** Exercise brief **
When you reach the line with "Looking at leaf" in the data below, begin printing lines exactly, and stop once the line with "Alternating Bit here." has been printed.

** Information given **

# # #

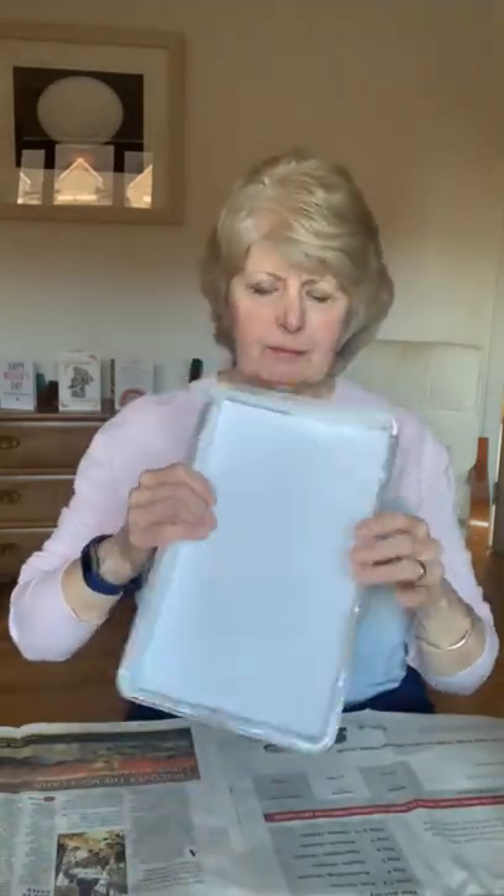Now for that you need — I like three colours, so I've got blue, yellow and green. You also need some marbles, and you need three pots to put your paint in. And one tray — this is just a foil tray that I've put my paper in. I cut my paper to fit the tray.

# # #

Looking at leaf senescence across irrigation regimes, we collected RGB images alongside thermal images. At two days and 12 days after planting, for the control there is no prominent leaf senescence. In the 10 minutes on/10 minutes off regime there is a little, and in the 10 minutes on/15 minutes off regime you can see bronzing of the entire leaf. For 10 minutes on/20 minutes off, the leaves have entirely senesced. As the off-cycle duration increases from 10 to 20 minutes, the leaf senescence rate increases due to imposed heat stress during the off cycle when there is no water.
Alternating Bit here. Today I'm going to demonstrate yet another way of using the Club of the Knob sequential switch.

# # #

** Completed exercise **
Looking at leaf senescence across irrigation regimes, we collected RGB images alongside thermal images. At two days and 12 days after planting, for the control there is no prominent leaf senescence. In the 10 minutes on/10 minutes off regime there is a little, and in the 10 minutes on/15 minutes off regime you can see bronzing of the entire leaf. For 10 minutes on/20 minutes off, the leaves have entirely senesced. As the off-cycle duration increases from 10 to 20 minutes, the leaf senescence rate increases due to imposed heat stress during the off cycle when there is no water.
Alternating Bit here. Today I'm going to demonstrate yet another way of using the Club of the Knob sequential switch.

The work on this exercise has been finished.